[[ Source material open ]]

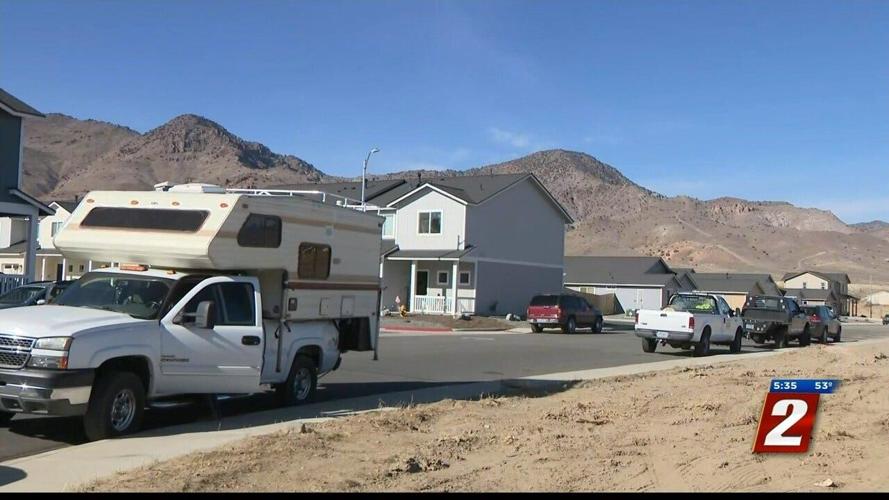 More Affordable Housing In Dayton On The Way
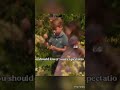 #princegeorge edit @charlotteedisx =good yt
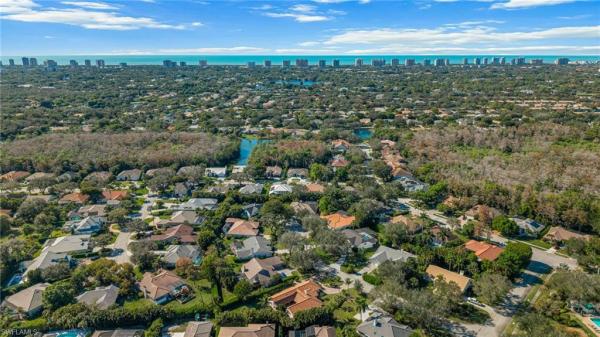 Mill Run At The Crossings, 1930 Blackstone Cir, Naples, Florida 34109, image 1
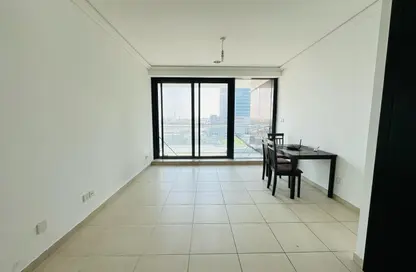 Apartment - Studio - 1 Bathroom for rent in Goldcrest Views 2 - JLT Cluster J - Jumeirah Lake Towers - Dubai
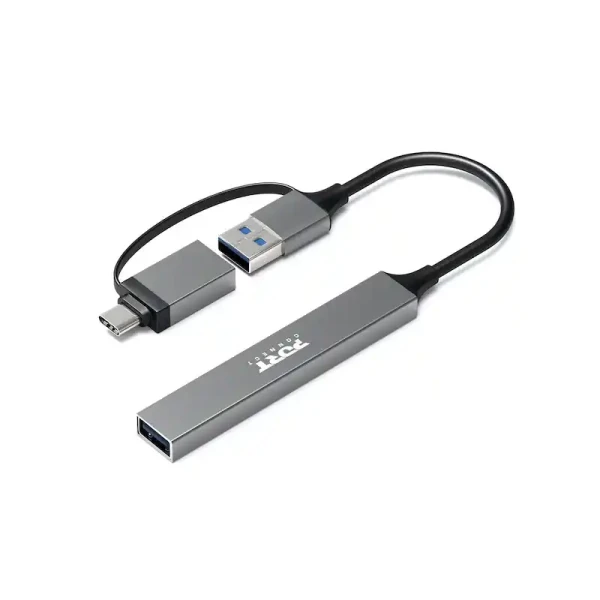 https://www.dynamic-computers.rs/images/products/big/129283.webp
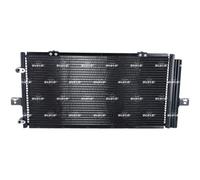 ✅Fits NRF 35659 CONDENSER, AIR CONDITIONING ⭐UK Seller⭐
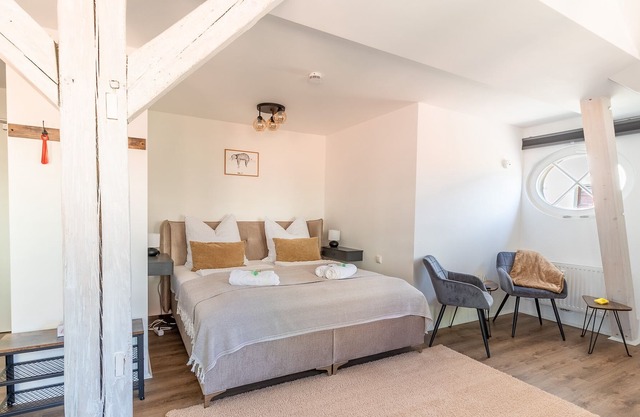 Vrbo Property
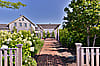 2 Thistle Way Nantucket MA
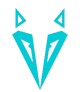 Foxbit logotype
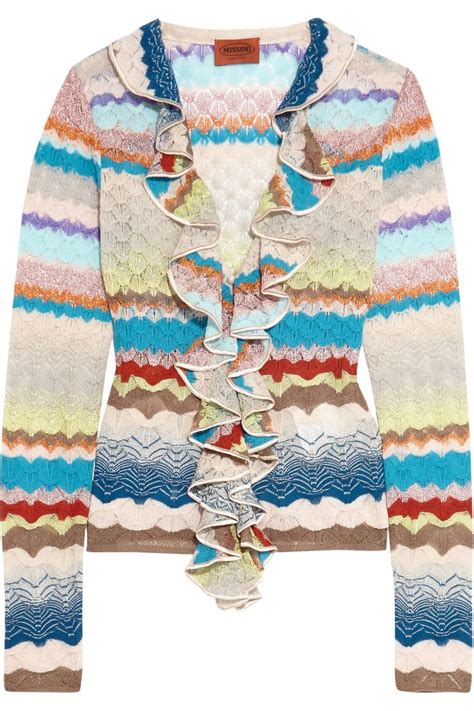 missoni cheap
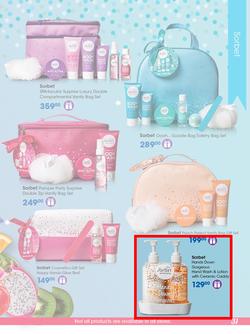 Clicks : Christmas Gift Guide (7 Nov - 24 Dec 2018), page 31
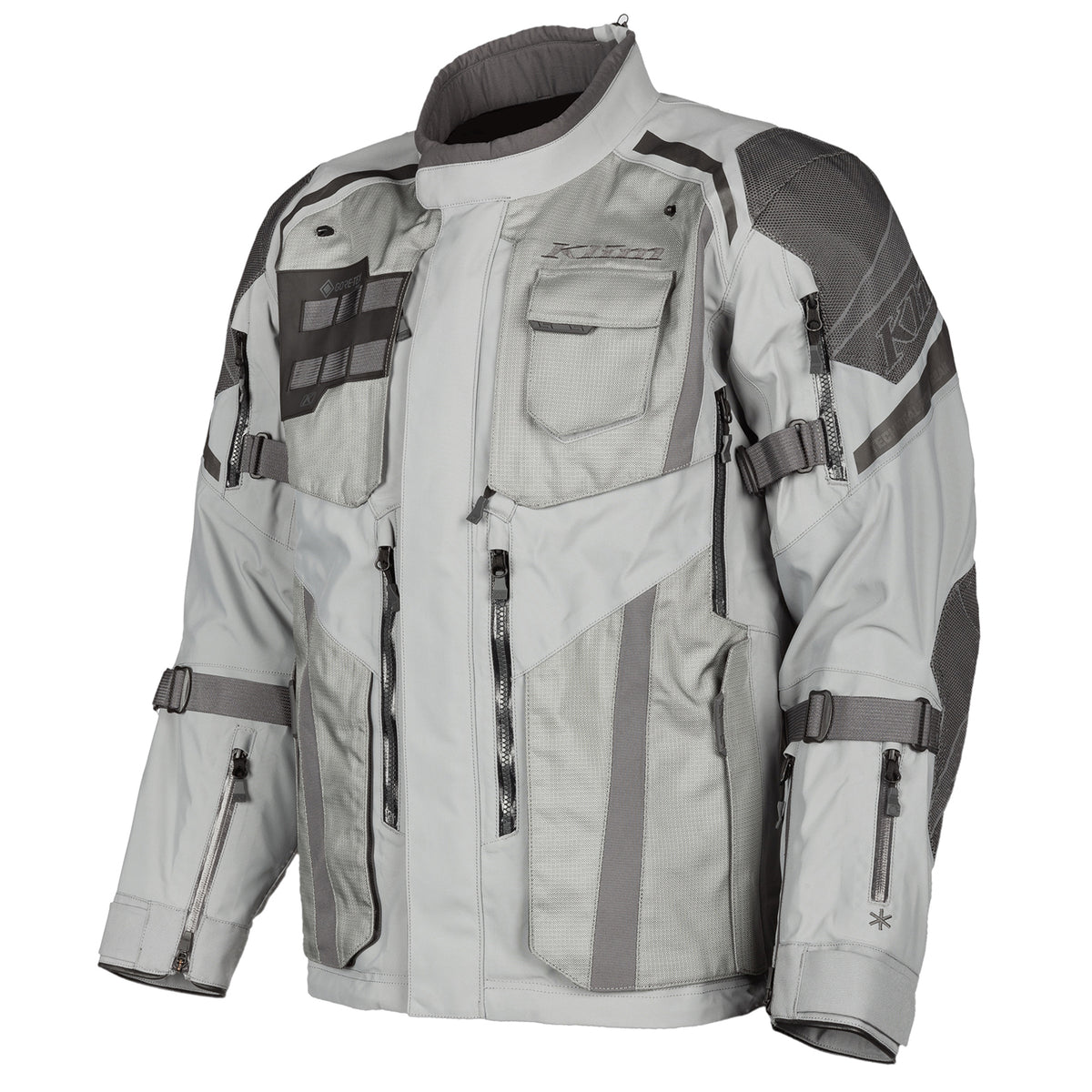 KLIM - Badlands Pro Jacket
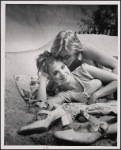 The Foursome, 1973 Oct.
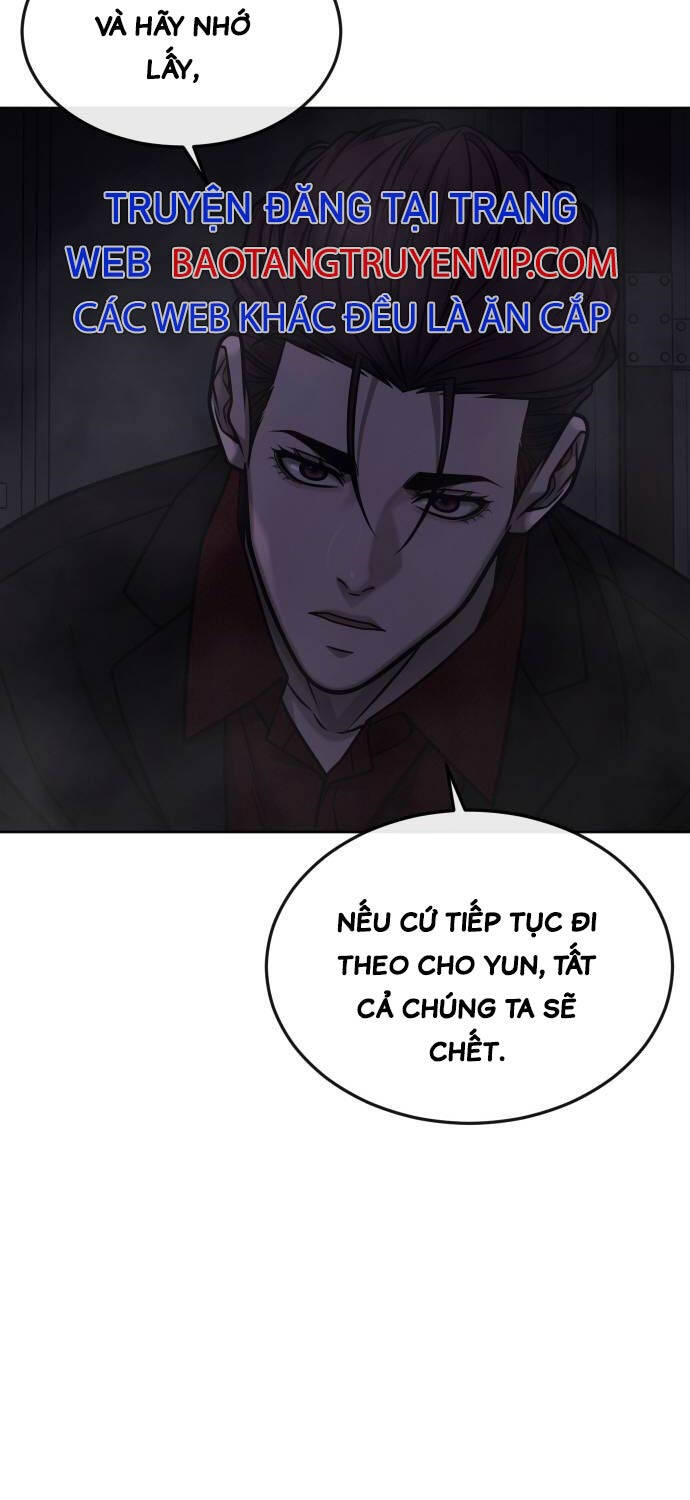 Nhiệm Vụ Diệu Kỳ Chap 145 - Next Chap 144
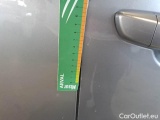  Peugeot  2008 PEUGEOT  / 2019 / 5P / CROSSOVER PURETECH 130 ALLURE PACK S/S #36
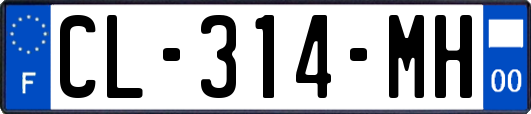 CL-314-MH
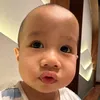 mango140223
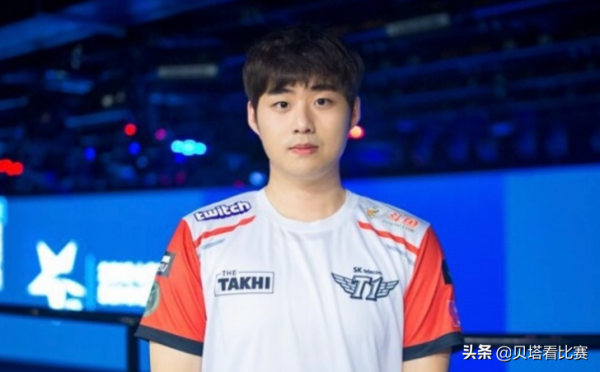 歷史第一AD退役了！Bang發文宣佈：結束10年職業生涯！明年服兵役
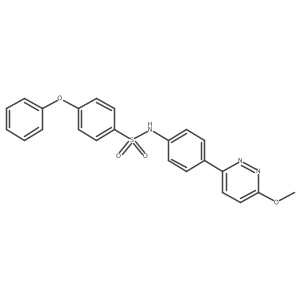 941936-42-1 structure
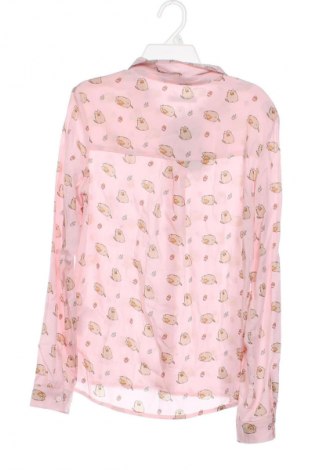 Gyerek ing Reserved, Méret 12-13y / 158-164 cm, Szín Sokszínű, Ár 3 963 Ft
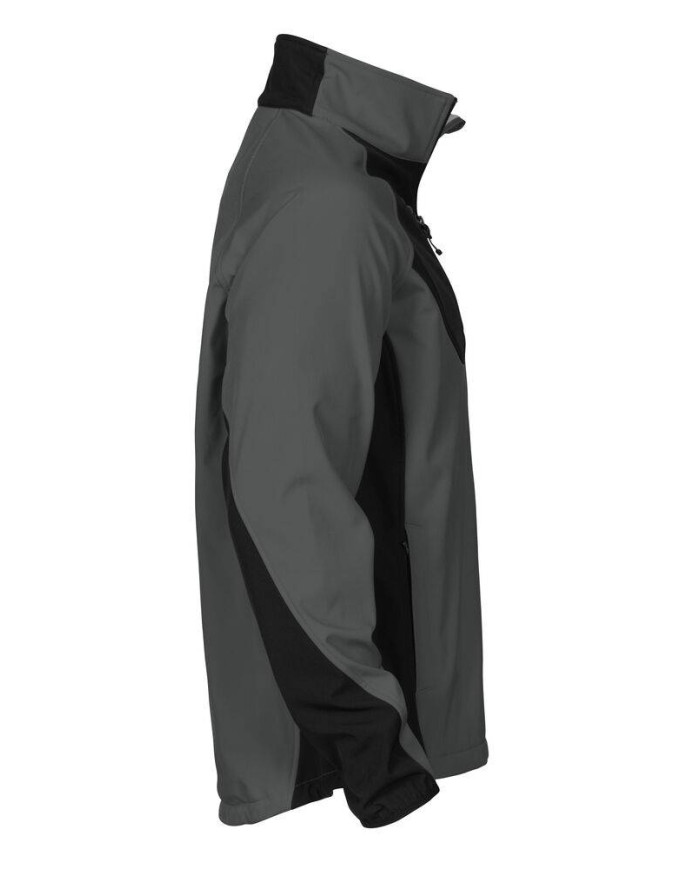 2422 SOFTSHELL BICOLOR NEW WAVE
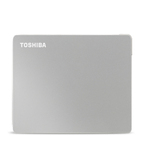 Externi HDD Toshiba Canvio Basics 2TB HDTX120ESCAA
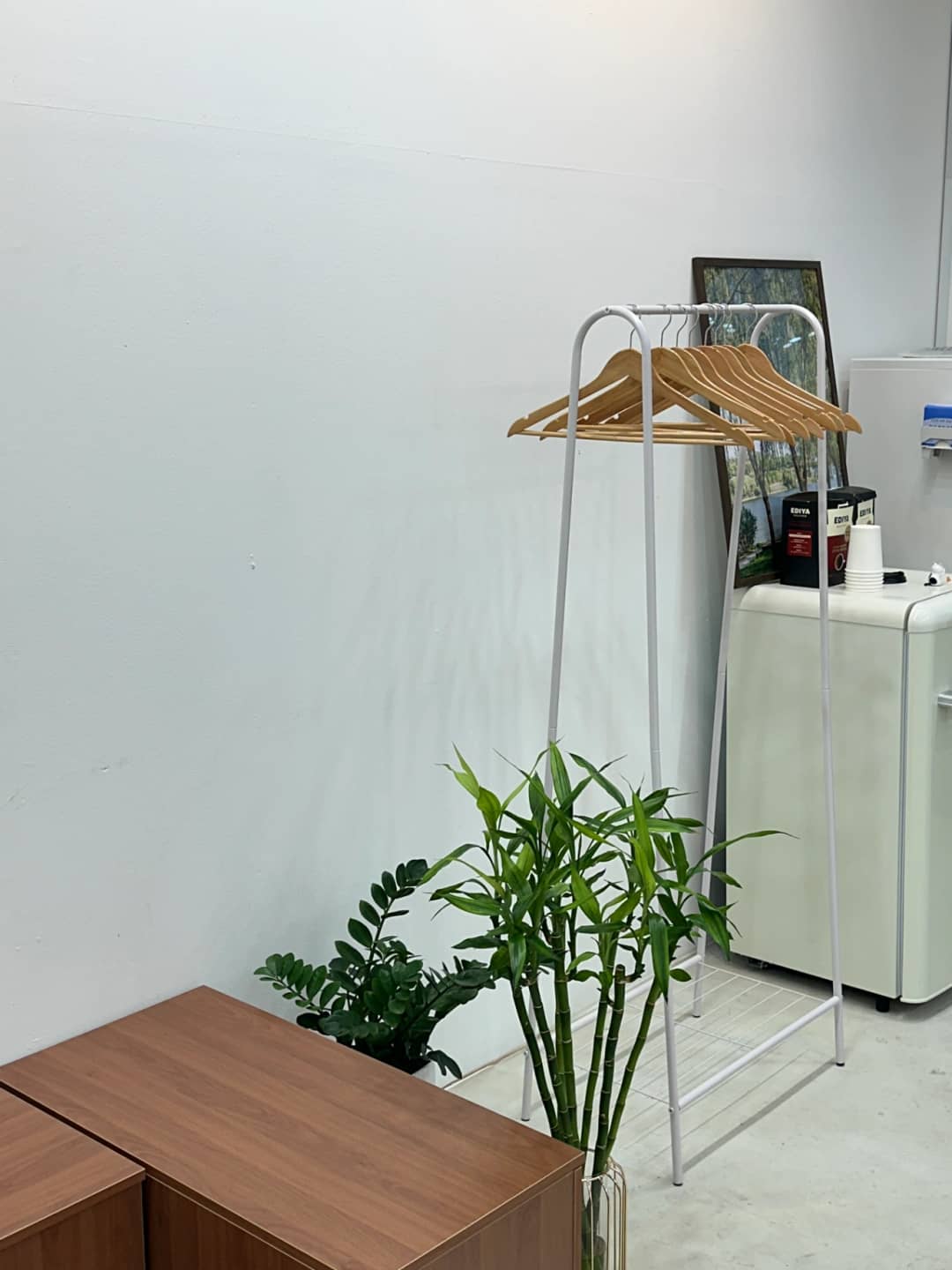 ネイルダオン
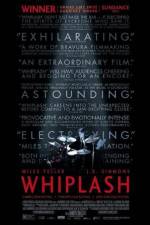 Watch Whiplash Movie4k
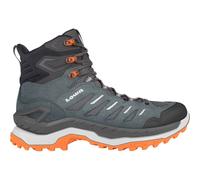 LOWA Innovo Gtx Mid - Herren - - Größe 42- Modell 2026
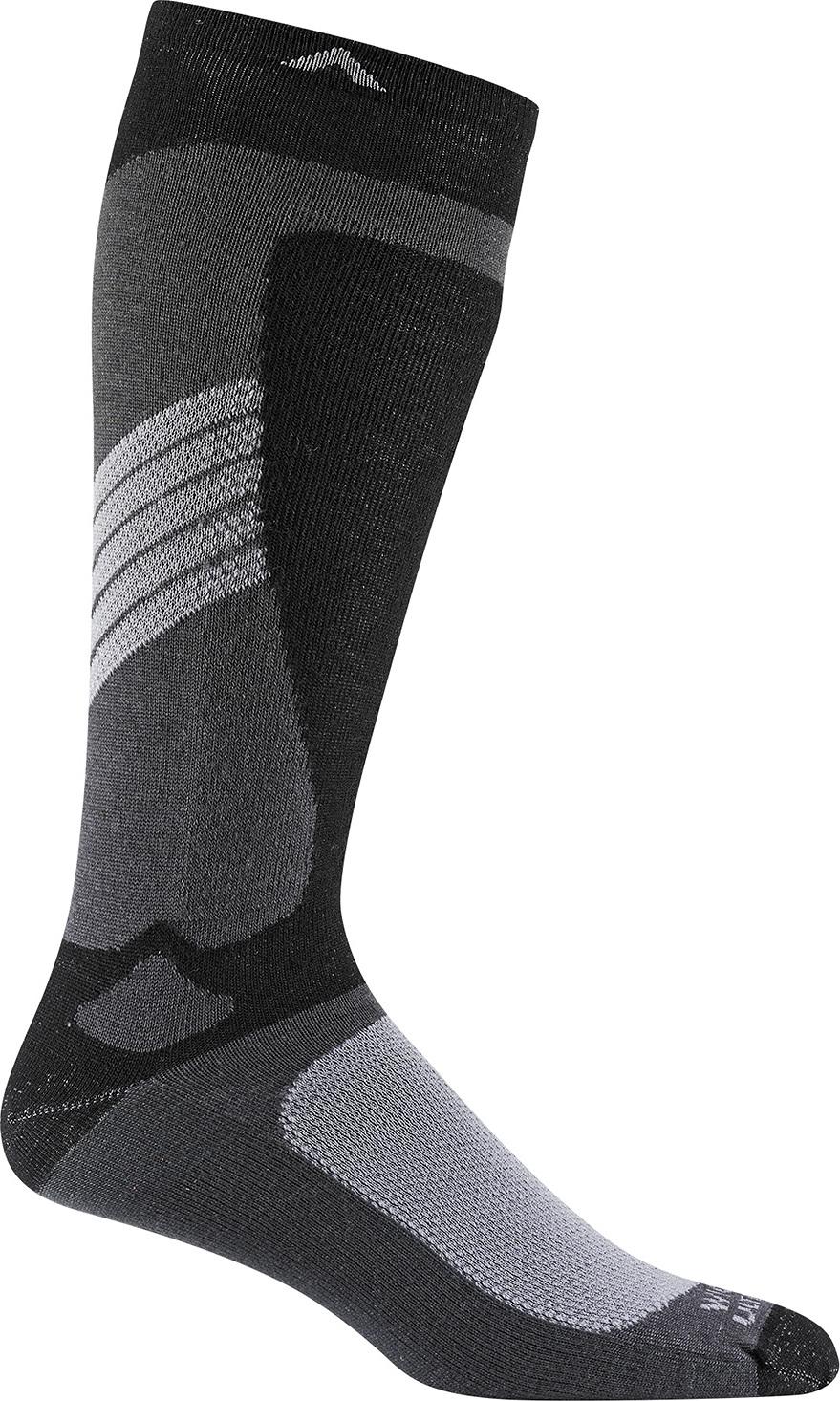 Product gallery image number 1 for product Snow Altitude Pro Socks - Unisex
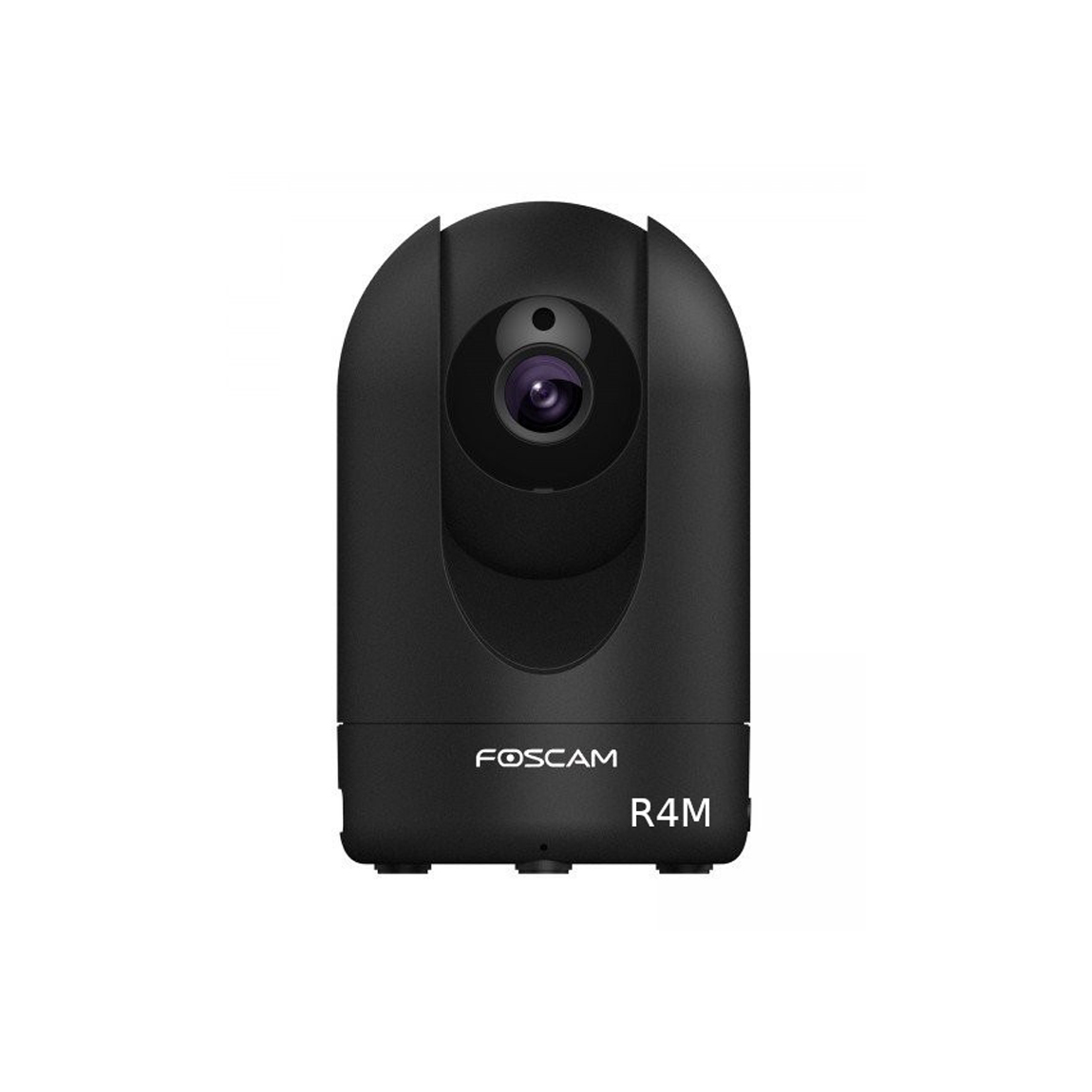 Foscam R4M Zwart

[[ Source material closed ]]

# Exercise
Start at the line holding "Apartment - Studio" and stop at the last line of the entries above. Repeat those lines exactly, pictures excluded.

# Solution to this problem
 Apartment - Studio - 1 Bathroom for rent in Goldcrest Views 2 - JLT Cluster J - Jumeirah Lake Towers - Dubai
 https://www.dynamic-computers.rs/images/products/big/129283.webp
 ✅Fits NRF 35659 CONDENSER, AIR CONDITIONING ⭐UK Seller⭐
 Vrbo Property
 2 Thistle Way Nantucket MA
 Foxbit logotype
 missoni cheap
 Clicks : Christmas Gift Guide (7 Nov - 24 Dec 2018), page 31
 KLIM - Badlands Pro Jacket
 The Foursome, 1973 Oct.
 Nhiệm Vụ Diệu Kỳ Chap 145 - Next Chap 144
  Peugeot  2008 PEUGEOT  / 2019 / 5P / CROSSOVER PURETECH 130 ALLURE PACK S/S #36
 CL-314-MH
 mango140223
 歷史第一AD退役了！Bang發文宣佈：結束10年職業生涯！明年服兵役
 941936-42-1 structure
 Gyerek ing Reserved, Méret 12-13y / 158-164 cm, Szín Sokszínű, Ár 3 963 Ft
 2422 SOFTSHELL BICOLOR NEW WAVE
 Externi HDD Toshiba Canvio Basics 2TB HDTX120ESCAA
 ネイルダオン
 Watch Whiplash Movie4k
 LOWA Innovo Gtx Mid - Herren - - Größe 42- Modell 2026
 Product gallery image number 1 for product Snow Altitude Pro Socks - Unisex
 Foscam R4M Zwart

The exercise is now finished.